Coughing occurs when the nerve endings in your airways become irritated. Certain irritants and allergens, medical conditions, and medicines can irritate these nerve endings.
An irritant is something you're sensitive to. For example, smoking or inhaling secondhand smoke can irritate your lungs. Smoking also can lead to medical conditions that can cause a cough. Other irritants include air pollution, paint fumes, or scented products like perfumes or air fresheners.

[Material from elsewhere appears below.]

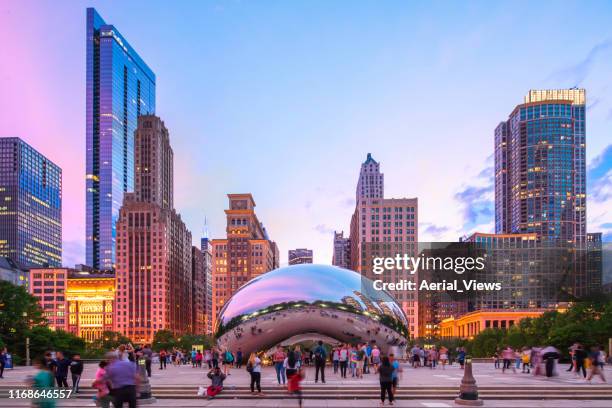 cloud gate at dusk - "the bean" - chicago bean stock pictures, royalty-free photos & images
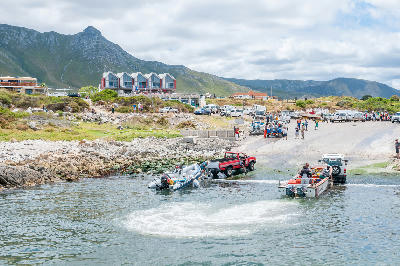 Fishing boats being pulled from the water at Kleinmond Harbour with mountains and coastal buildings in the background in South Africa.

An allergen is something you're allergic to, such as dust, animal dander, mold, or pollens from trees, grasses, and flowers.
Coughing helps clear your airways of irritants and allergens. This helps prevent infections.
Many medical conditions can cause acute, subacute, or chronic cough.
Common causes of an acute cough are a common cold or other upper respiratory infections. Examples of other upper respiratory infections include the flu, pneumonia, and whooping cough. An acute cough lasts less than 3 weeks.
A lingering cough that remains after a cold or other respiratory infection is gone often is called a subacute cough. A subacute cough lasts 3 to 8 weeks.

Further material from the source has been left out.